Nollywood, c’est aussi 2 % du PIB du Nigeria et 300 000 emplois directs selon une enquête menée par le journal Jeune Afrique. Le cinéma, la mode, les festivals et autres événements culturels sont de plus en plus reconnus comme des vecteurs de développement économique. En documentant ces phénomènes et en les mettant en avant, les journalistes jouent un rôle essentiel dans l’attractivité de ces secteurs.
Le tourisme culturel attire de plus en plus de visiteurs internationaux qui sont désireux de découvrir des aspects authentiques du continent. Cela se traduit par un regain d’intérêt pour les festivals, les danses, de la musique, les traditions orales et les rites ancestraux. En 2019, et selon les chiffres de la Société Financière Internationale, le secteur touristique représentait 7 % du PIB africain, soit environ 169 milliards de dollars. Des festivals comme le FESPACO au Burkina Faso ou le Festival des Masques de Man en Côte d’Ivoire attirent chaque année des milliers de visiteurs. En couvrant ces manifestations, les journalistes culturels soulignent l’afflux de touristes, renforçant ainsi les économies locales et diversifiant les sources de revenus des populations.
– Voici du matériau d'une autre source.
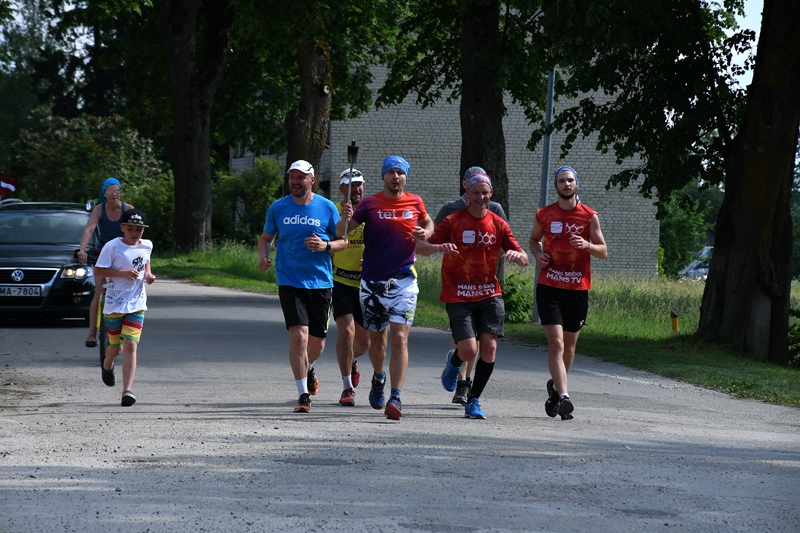 Autors: Ivars Bogdanovs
Socialement, le journalisme culturel permet de renforcer le sentiment d’appartenance des individus à une communauté. En valorisant la diversité des cultures africaines, il devient un outil puissant de cohésion sociale. Le développement du journalisme culturel en Afrique est crucial pour l’avenir du continent. Il ne s’agit pas seulement de rendre compte des événements culturels ou artistiques, mais de créer une dynamique qui stimule l’éducation, la sauvegarde des traditions et l’économie.
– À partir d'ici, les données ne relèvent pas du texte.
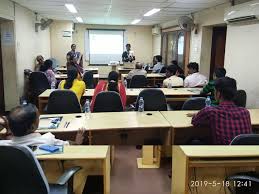 Amitysoft Technologies Pvt Ltd Gallery photo 2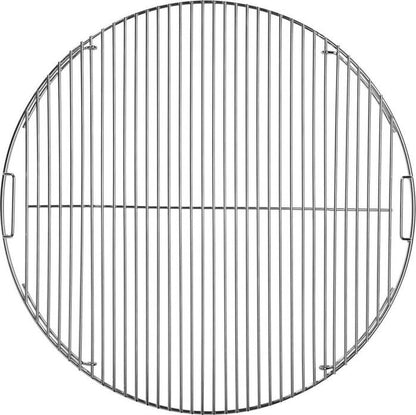Napoleon Bbq S83040 Stainless Steel Cooking Grid for 22 inch Charcoal Grills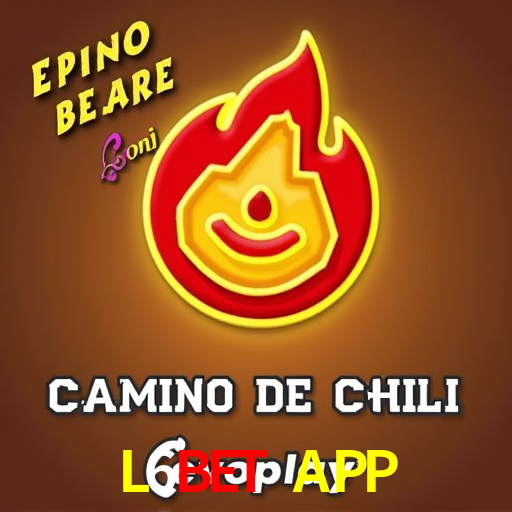 Game Providers L6Bet APP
Pour cela, il est important d’investir dans la formation des journalistes, de renforcer les infrastructures médiatiques et de promouvoir une meilleure visibilité des œuvres culturelles africaines. Au cours de sa chronique “Les Critik’Show de Christian Guehi” et en sa qualité de membre de l’organisation professionnelle des critiques d’art de Côte d’Ivoire, Christian Hervé Guehi a lancé ce plaidoyer : “Les grandes organisations comme l L’OIF, l’UNESCO, etc., doivent organiser des sessions à l’endroit des réseaux des journalistes culturels et critiques d’art en Afrique. Le journalisme culturel doit être au cœur des politiques publiques et privées pour consolider une Afrique résiliente, ouverte sur le monde, mais fière de ses racines.